Not sure what to do with those old shoes you don't want anymore? The ones piling up in your basement waiting for you to find them a new home?! We would love to take those off of your hands for you! Please click on Drop Off Locations to find a drop location near you. If there isn't one that's convenient for you, please email us and we will coordinate getting the shoes from you. Christy@shoesandhope.org
WHAT DO WE DO WITH THE SHOES?
Different shoes get different treatment. The majority of the shoes are sold and the money is used for programs and impact in the field. But some shoes get special treatment:
CLEATS & SPORT SHOES - These are sorted and stored while we continue to search for the right partnership. We have lots of baseball and soccer cleats as well as a few golf shoes, track shoes and dance shoes.
SLIPPERS - Slippers are pulled out and washed by the staff at the Community Living Wilson Center. The slippers are then donated to the Salvation Army Homeless Shelter.
DRESS/PROFESSIONAL SHOES - These shoes are donated to Connections to Success through their Dress for Success Midwest Program.
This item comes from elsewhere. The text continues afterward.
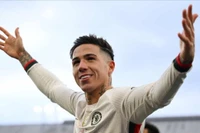 Thắng thuyết phục, Chelsea trở lại top 4 Ngoại hạng Anh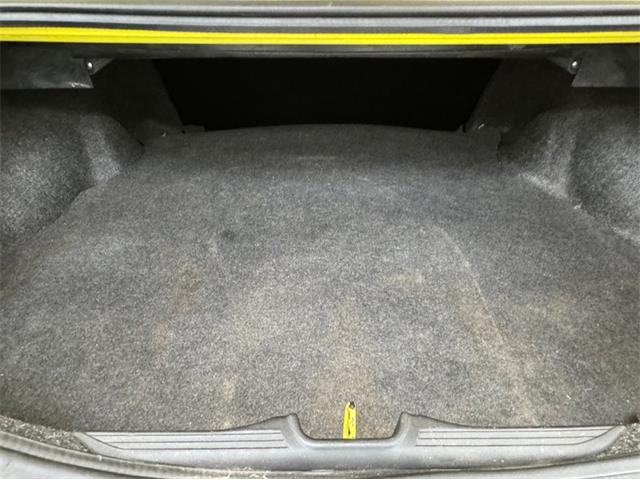 2000 Ford Mustang (CC-2095571) for sale in Morgantown, Pennsylvania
NEW SHOES - All new shoes are pulled out and sorted. Some are donated to kids in need through Bright Futures Lincoln County. Others are sold for $10 each and the funds again used for programs and impact in the field.
WHO BUYS THE SHOES?
We sell the shoes to an exporter who then sells to micro-enterprise businesses. This creates jobs (roadside stands) and income in Africa.
WHAT IS MICRO-ENTERPRISE?
Street vendors, carpenters, machine shop operators, seamstresses and peasant farmers---micro-entrepreneurs come in all types, and their businesses in many sizes. This diverse group requires a variety of support to grow and improve. Many of these men and women and their employees are poor and have limited access to services. But they do not lack potential. More than 80 percent of the businesses in Latin America and the Caribbean have 10 employees or less, and they account for as much as half of all employment in many countries. Numbered at some 50 million, these micro-enterprises can no longer be considered marginal. They are the heart of the region's economy.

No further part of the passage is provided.